I could, and maybe will in the future, write a lot more about working remotely. For now though lets just consider that it is becoming more and more popular, and I hope with the steps forward (for many people) in broadband and mobile phone coverage, that it’s going to become an option for more people to work this way in 2019.


  • John Gimson says:

    Hi Rob, Interesting … particularly the term “remote work”. I understand ‘remote’ – but does ‘work’ include voluntary or unpaid work such as Dawn does with B&B? I considered the term ‘remote working’ – but that almost implies remuneration. Back to the ‘remote’ bit – an implication that an element of isolation applies – then we get to complex issues of social isolation, for whatever reason. Even more complicated.
    You know I’m involved with Bude Coastal Community Team (BCCT) – so my wish for 2019 is for more collaboration. BCCT’s structure is based on a three-way partnership involving local authorities, businesses, and community groups/individuals. All very time-consuming as each element has their own goals and priorities – but more can be achieved by working together.
    BCCT still has aspirations to see some form of tech-based community hub in the Bude area – so maybe both our wishes might be met. But how do we identify all these ‘remote workers’?
    ATB for Christmas and NY.

    • Thanks for acknowledging my voluntary work, John!
      A tech-based hub would be lovely, wouldn’t it, but then volunteer remote workers couldn’t afford to pay the fees, so a bit of a catch.22
      Be lovely for volunteer workers to have a hotdesk situation which was free, warm and had internet connectivity. Dream on!

  • Rob Wilcox says:

    Thanks John.
    Yes, I would suggest that remote work includes:

    a/ Paid for work
    b/ voluntary and unpaid work

    The paid for work is ‘easy’. Either you do freelance stuff for one or more clients, perhaps with breaks in between clients, or, you do a ‘full time job’, like me. Instead of going into an Office, you do it remotely.

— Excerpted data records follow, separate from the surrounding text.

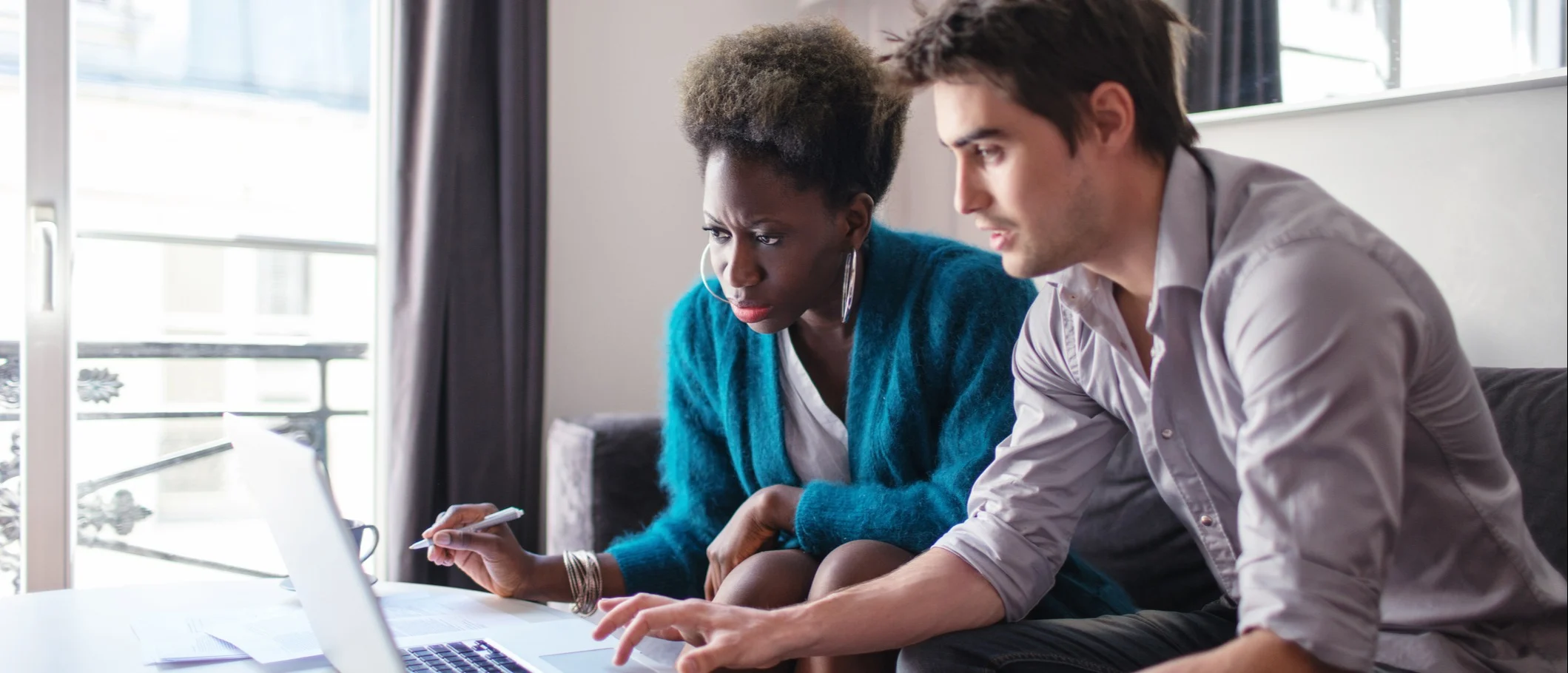 Un couple qui vérifient sur leur ordinateur quelles sont les conditions pour renégocier leur assurance emprunteur.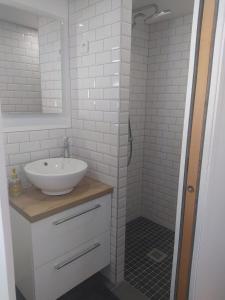 a white bathroom with a sink and a shower at Maisonnette de bord de mer in Étables-sur-Mer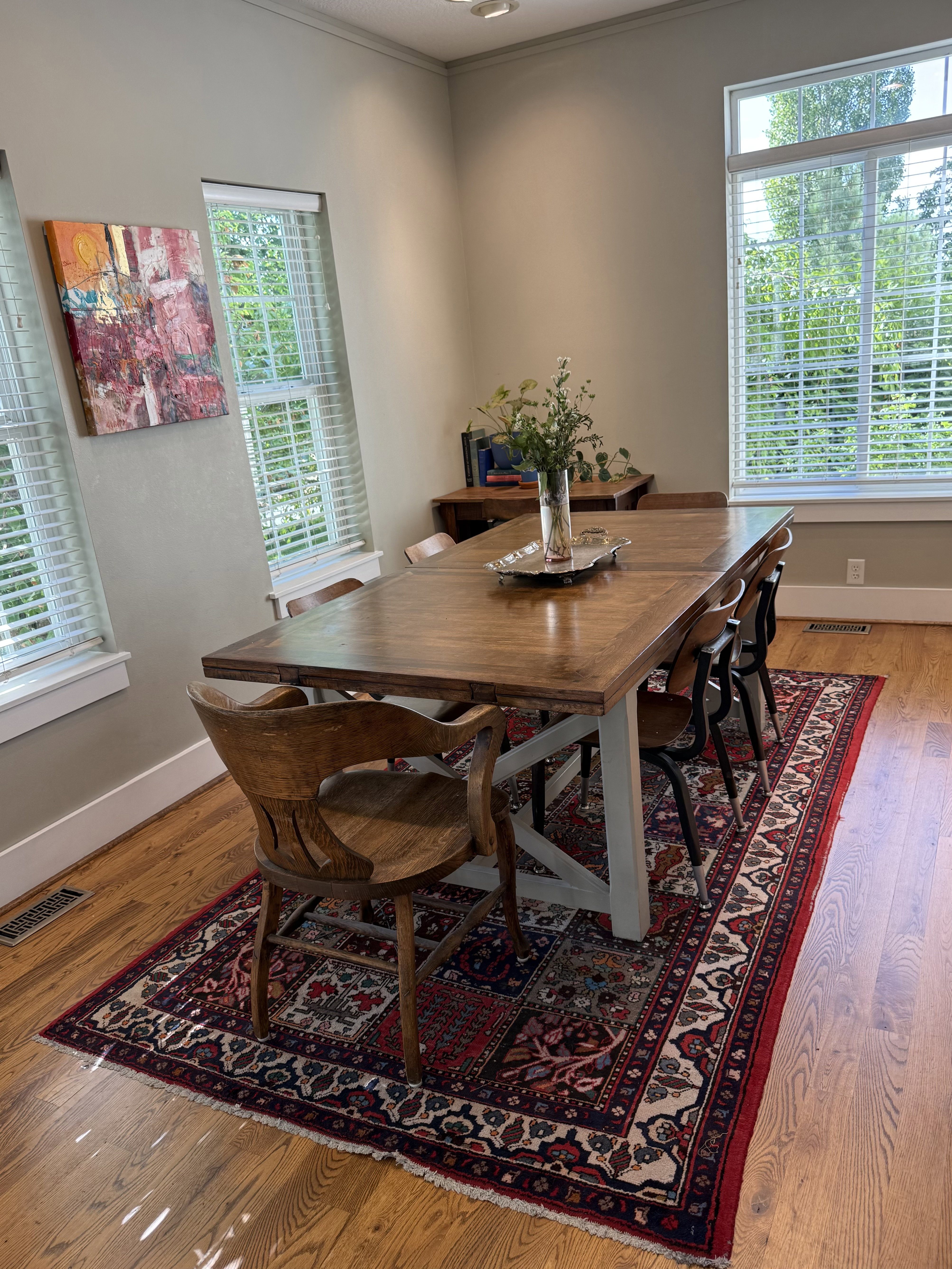 Dining area featuring wood-finish flooring, two large windows with blinds, crown molding, and recessed lighting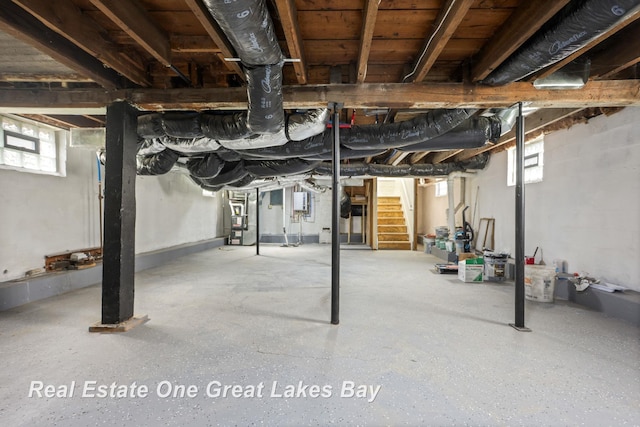below grade area with stairway and heating unit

    Typically remote work is ‘knowledge work’, so not arts/crafts. They, I think, are more solo-preneurs. That doesn’t mean that these people don’t need ‘office type stuff’ from time to time, nor does it mean that they couldn’t benefit from a co-working facility.

    The ‘remote’ bit does sometimes conjure up visions of people sat on their sofa in their PJs and not moving for 3 days. Worse, they don’t go out of the house for a week or two or three. I’m sure there are people like that. When you are remote you *can* sit on your sofa in your PJs. It’s not recommended though, and neither is the not going out for days and days!

    As mentioned most ‘remote workers’ are knowledge workers, and most read a ton of stuff on the internet which suggests (strongly) that you should be ‘getting dressed’ for work, and going to work, even when you’re remote, even when you’re working from home. If you’re lucky you might have a room / office in your house, or a dining table at least. You might go to a co-working space already. You might even just go to someone else’s house.

    How do we find the ‘remote workers’? Hopefully they read this, and I’m sure some will. And sometimes a remote worker knows a few other remote workers… and the word gets around. I don’t know if we could get a full spectrum of all remote workers in the area though, plus, there is another category of remote worker who are nomadic. They might spend a few months in, or around, Bude, but ultimately they move on.

    Dawn’s right though as well. Those people that do voluntary, or unpaid remote-work would struggle to pay for a co-working facility. But then perhaps they wouldn’t need to pay ‘full price’? I guess those sorts of things would need to be discussed further down the road.

  • John Gimson says:

    Two reasons for this post:-
    Firstly to check if the B&B system is working properly. Usually, (I didn’t have the courage to say ‘always’) I tick the box to be notified if further comments are posted. But until I looked, I hadn’t seen the replies from Dawn and Rob.
    Secondly, it’s to say that in the local area there are a large number of people, using Rob’s term, who are ‘remote workers’ – and I firmly believe BCCT should have a channel through which their voice/s (and any concerns) are heard. How do we do that???
    We are aware of the term ‘social isolation’ – usually applied to older people in rural areas who can’t get out and about as much as they like. But there are many others who work from home who are also isolated.